The ecclesiastical parishes within the Diocese of Bath and Wells cover the majority of the English county of Somerset and small areas of Devon, Dorset, Gloucestershire and Wiltshire. The episcopal seat of the Bishop of Bath and Wells is in the Cathedral Church of Saint Andrew in the city of Wells in Somerset.

The diocesan offices, the bishops' offices and residences and the cathedral are all located around the Bishop's Palace in Wells. The diocese is not referred to as "Bath diocese" or "Wells diocese", but as "Bath and Wells diocese". The ordinary of the diocese is the diocesan Bishop of Bath and Wells, Peter Hancock; he is assisted throughout the diocese by the Bishop suffragan of Taunton, Ruth Worsley. Her See was created in 1911. 

Alternative episcopal oversight (for parishes in the diocese that reject the ministry of women priests) is provided by the provincial episcopal visitor (PEV), the Bishop suffragan of Ebbsfleet, Jonathan Goodall. He is licensed as an honorary assistant bishop of the diocese in order to facilitate his work there.

The parish with its local parish church is the basic unit of the Church of England.  The parish within the Church of England structure has its roots in the Roman Catholic Church and survived the Reformation largely untouched.  Church of England parishes are currently each within one of 44 dioceses divided between the provinces of Canterbury, with 30 dioceses, and York with 14. In 2017 there were approximately 12,600 Church of England parishes in all, with 477 being within this diocese. 

Each parish is administered by a parish priest who may be assisted in his pastoral duties by a curate or curates, who are also ordained but not parish priests. There are wide variations in the size of parishes and church-going populations. A parish priest may have responsibility for one parish or for two or more, and some are part of a team ministry. By extension, the term parish refers not only to the territorial unit but to the people of its community or congregation. A benefice or "living" in the Church of England describes any ecclesiastical parish or group of ecclesiastical parishes under a single stipendiary minister. The holder of a benefice owns the "freehold" of the post (the church and the parsonage house) for life. 
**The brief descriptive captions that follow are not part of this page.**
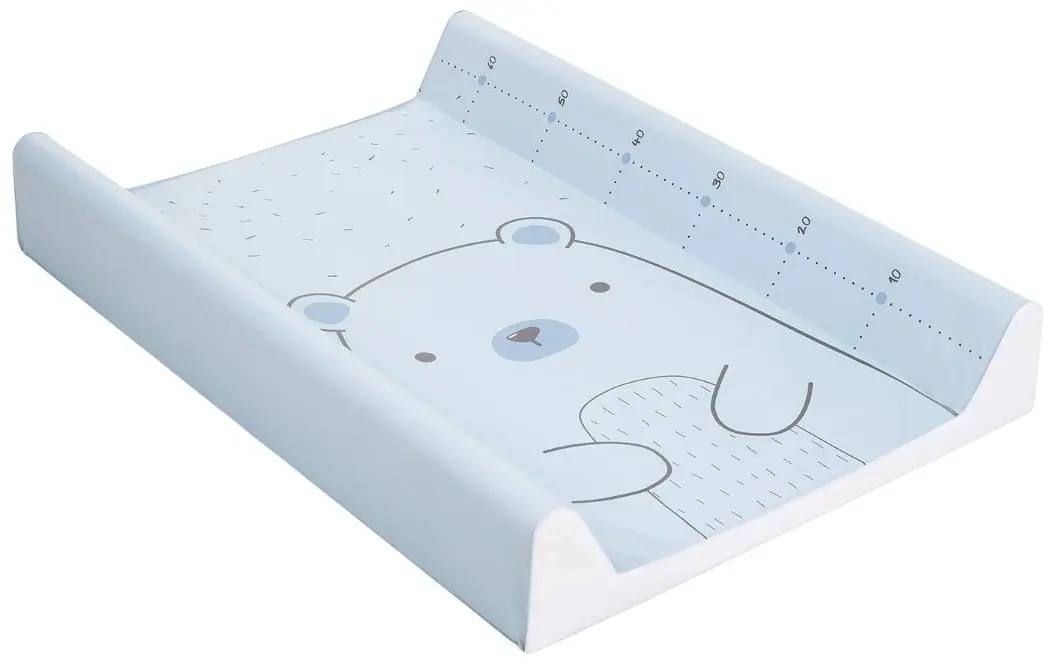 Saltea de infasat KikkaBoo Bear with me Hard 80x50 (Blue)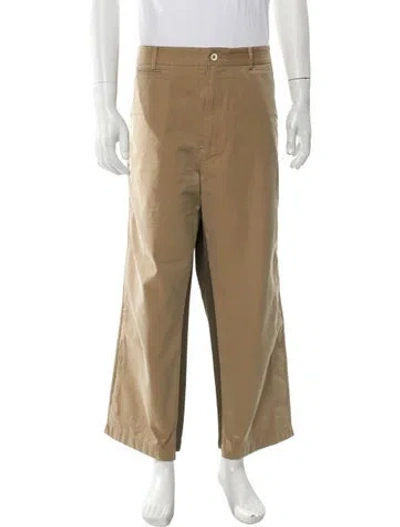 Pre-owned Alexander Mcqueen Chinos In Brown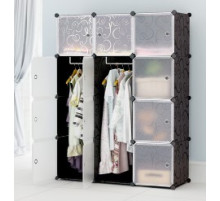 НЕТУ Шкаф пластиковый для одежды (10166) (110*37*145cm) // [307] (1 шт/ящ)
Until the late 19th century, the parishes were the smallest area for local government and administrative functions. Following the Local Government Act 1894, the civil duties of the church were abolished and separate civil parishes were established. As a result of the different needs of the civil community and the church, in many cases the boundaries of the ecclesiastical parishes and their equivalent civil parish have diverged with time.

Archdeaconry of Bath

The archdeaconry covers most of the two unitary authorities of North Somerset and Bath and North East Somerset, and also includes sections of neighbouring districts in Somerset and Wiltshire. The Archdeacon of Bath is Adrian Youings.

Deanery of Bath
The deanery is mostly within Bath and North East Somerset, but includes one civil parish in Wiltshire and a small section in South Gloucestershire. As well as covering the city of Bath, it also includes the surrounding suburbs of the city and neighbouring villages.

Deanery of Chew Magna

The area covered includes the Chew Valley, and surrounding areas. The deanery is mostly within Bath and North East Somerset, and also includes a portion of North Somerset, Mendip and Sedgemoor. Part of the area falls within the Mendip Hills Area of Outstanding Natural Beauty. Most of the rural area is within the Bristol and Bath Green Belt.

Deanery of Locking

The Deanery of Locking covers Weston-super-Mare and the surrounding villages. It is mostly within North Somerset, but includes sections of Mendip and Sedgemoor.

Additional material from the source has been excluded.